Task statement -
Take the lines below from the one with "四颗门牙种植牙图片图片" through the one with "افضل علاج للبهاق عند الاطفال" and print only them, exactly. Don't print the pictures.

Records for this task -
§ §
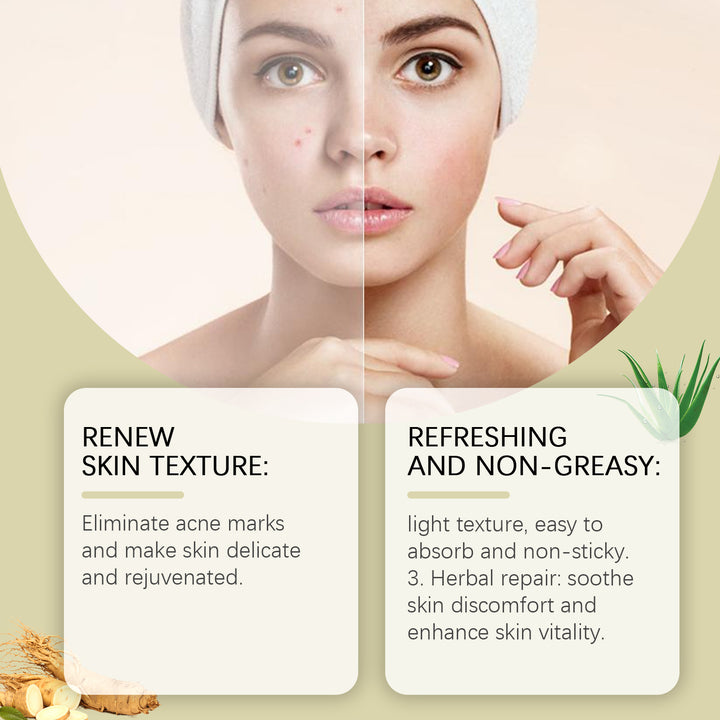 Moisturizing Toner for Acne-Prone Skin — Hydrating & Gentle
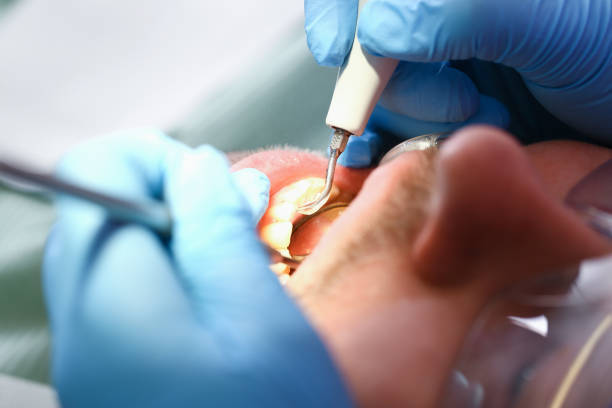 Reliable MS Emergency Dental Service Solutions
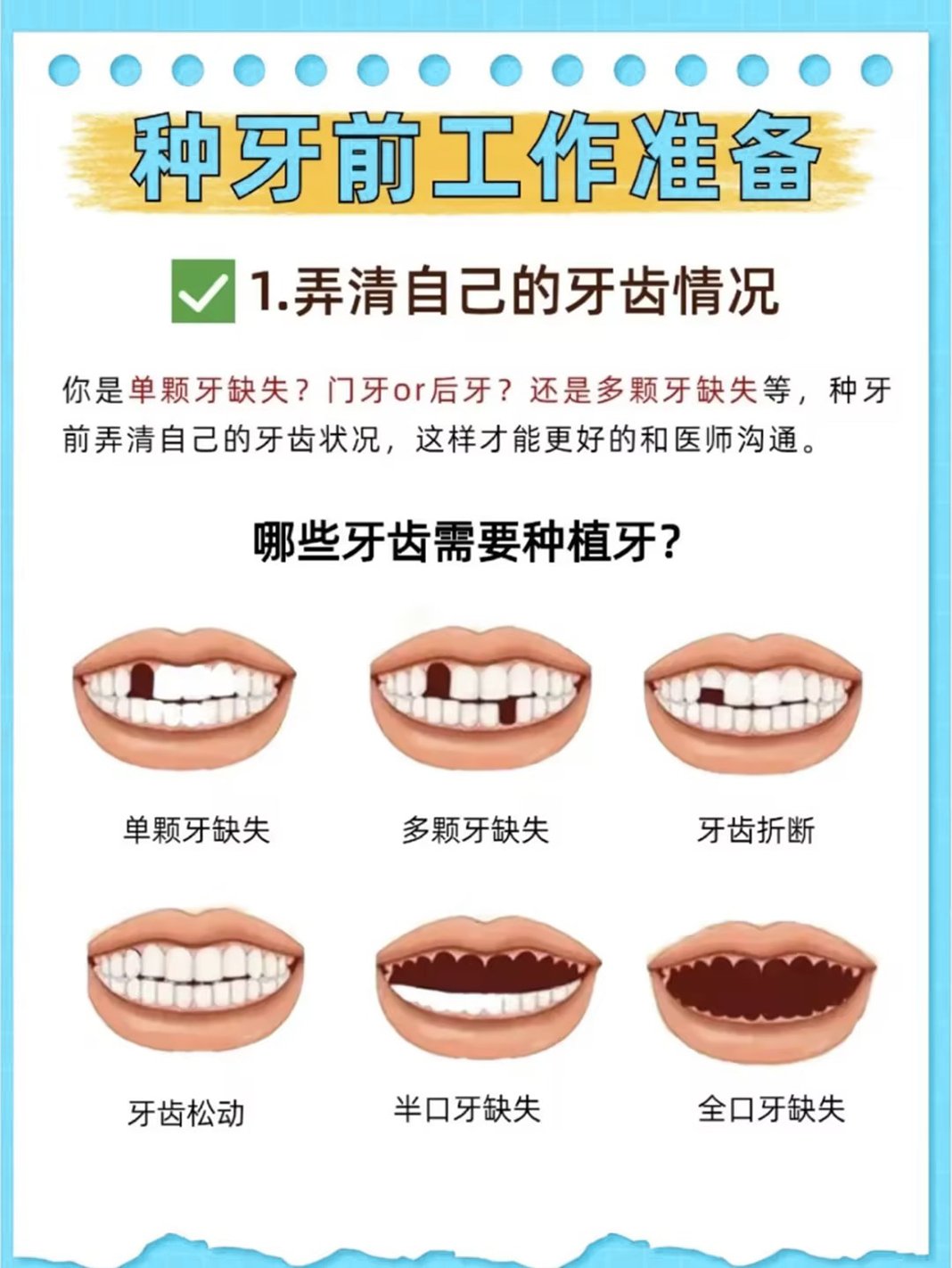 四颗门牙种植牙图片图片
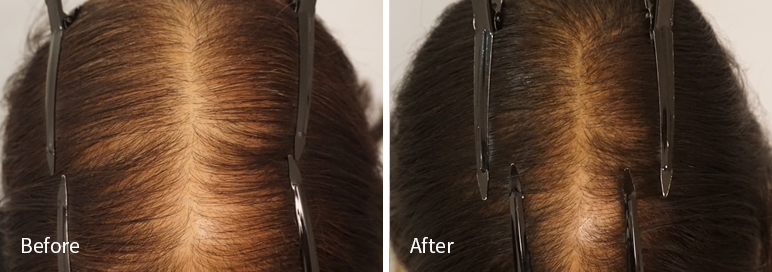 /filedata/md_board/20260102171217_L6T5gDcd_afterEBAAA8EBB09CEC9DB4EC8B9D_7.jpg 전후사진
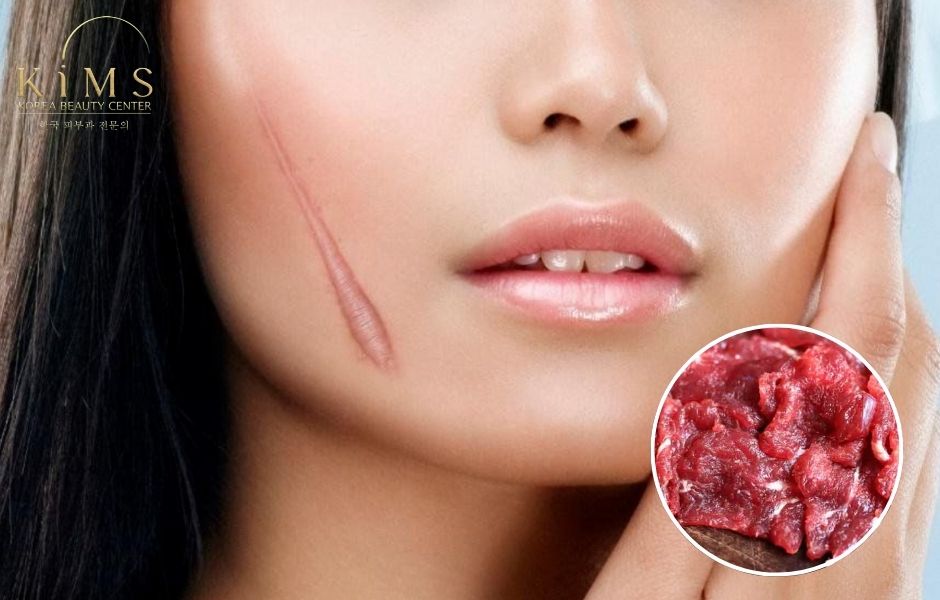 Ăn thịt bò có bị sẹo lồi không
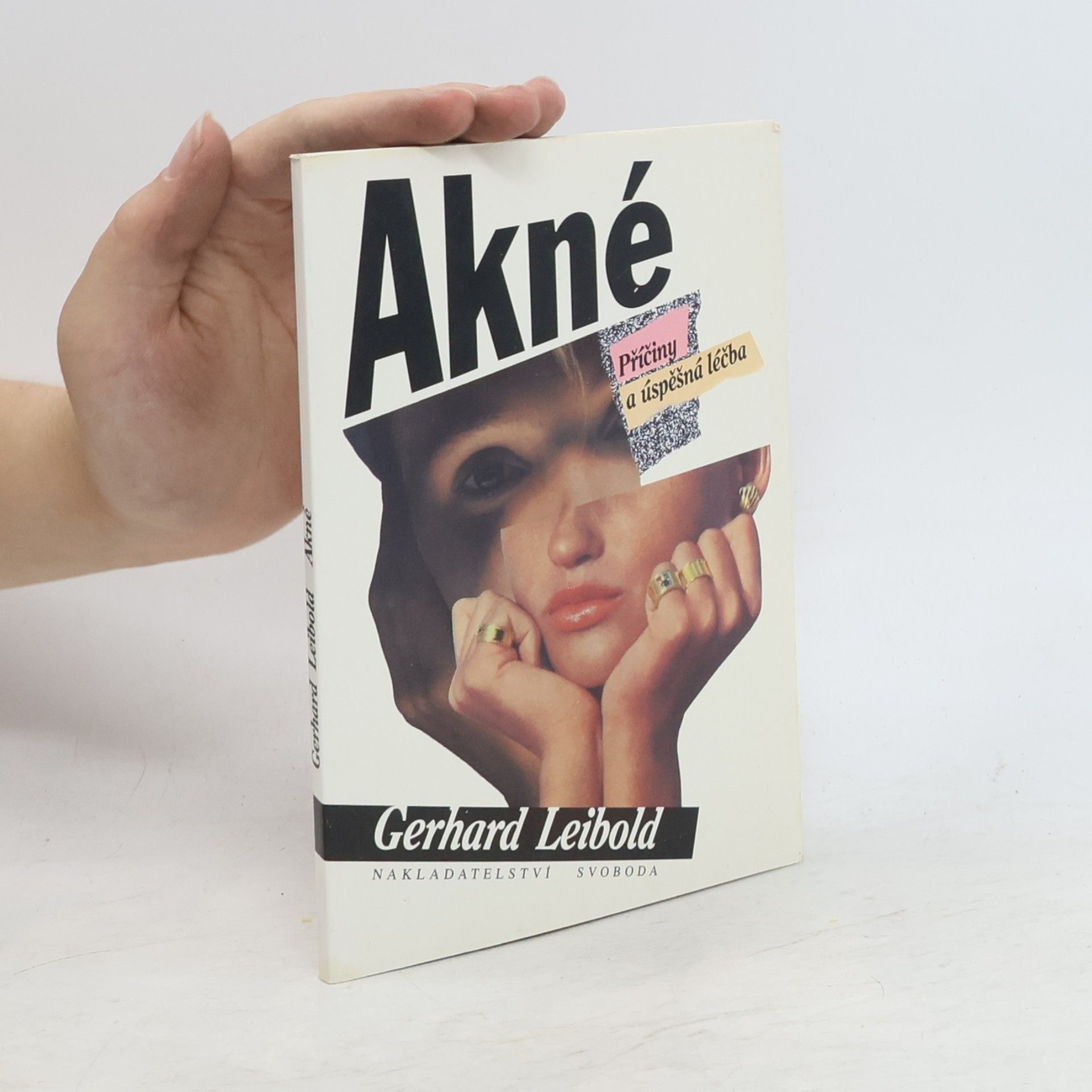 Akné : příčiny a úspěšná léčba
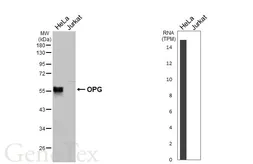 Anti-OPG antibody [HL3377] used in Western Blot (WB). GTX641197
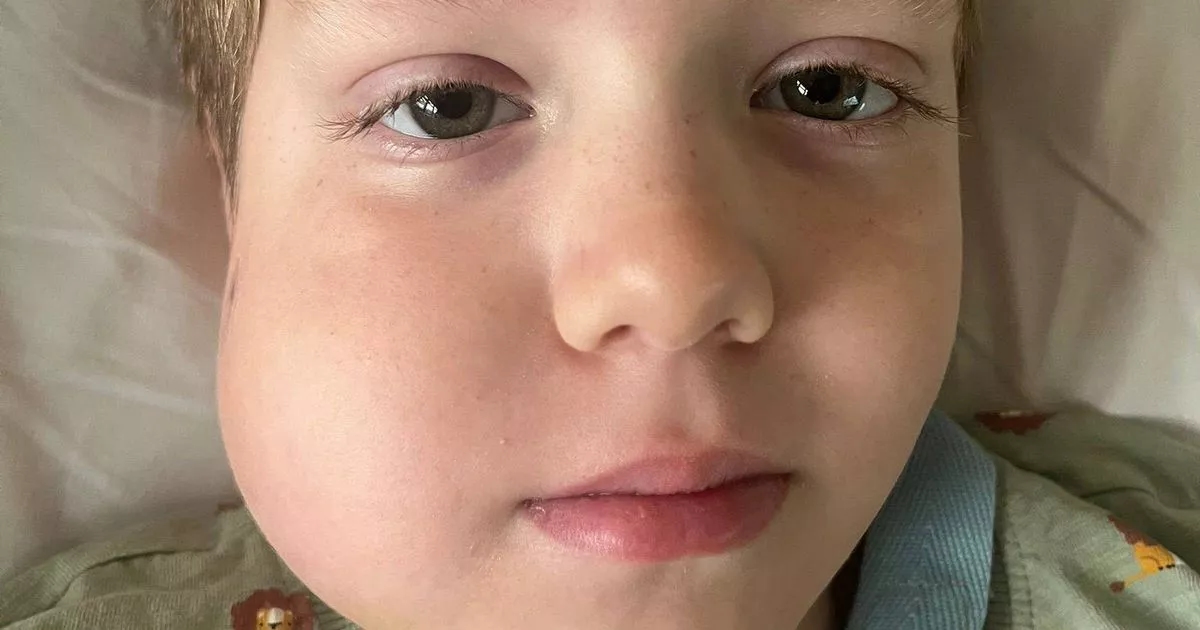 'Our son had a wobbly tooth before aggressive disease diagnosis - listen to your child'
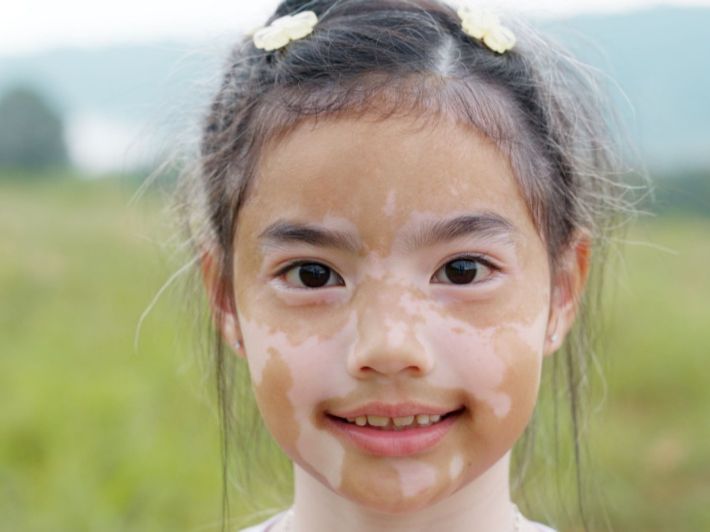 افضل علاج للبهاق عند الاطفال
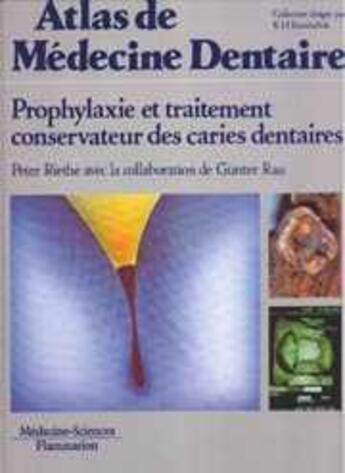 Couverture du livre « Prophylaxie et traitement conservateur des caries dentaires (coll. atlas de medecine dentaire) » de Riethe Peter aux éditions Lavoisier Medecine Sciences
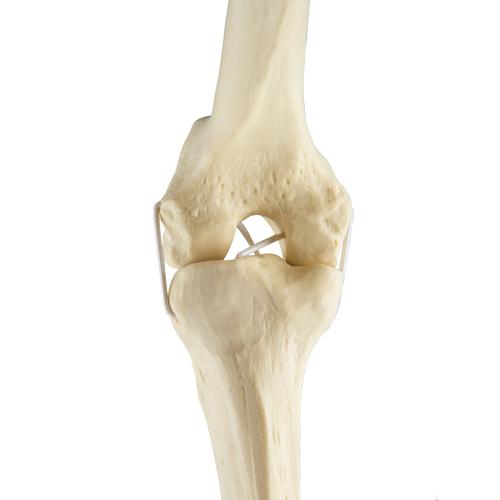 ORTHObones Standard Knee left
§ §
Response -
 四颗门牙种植牙图片图片
 /filedata/md_board/20260102171217_L6T5gDcd_afterEBAAA8EBB09CEC9DB4EC8B9D_7.jpg 전후사진
 Ăn thịt bò có bị sẹo lồi không
 Akné : příčiny a úspěšná léčba
 Anti-OPG antibody [HL3377] used in Western Blot (WB). GTX641197
 'Our son had a wobbly tooth before aggressive disease diagnosis - listen to your child'
 افضل علاج للبهاق عند الاطفال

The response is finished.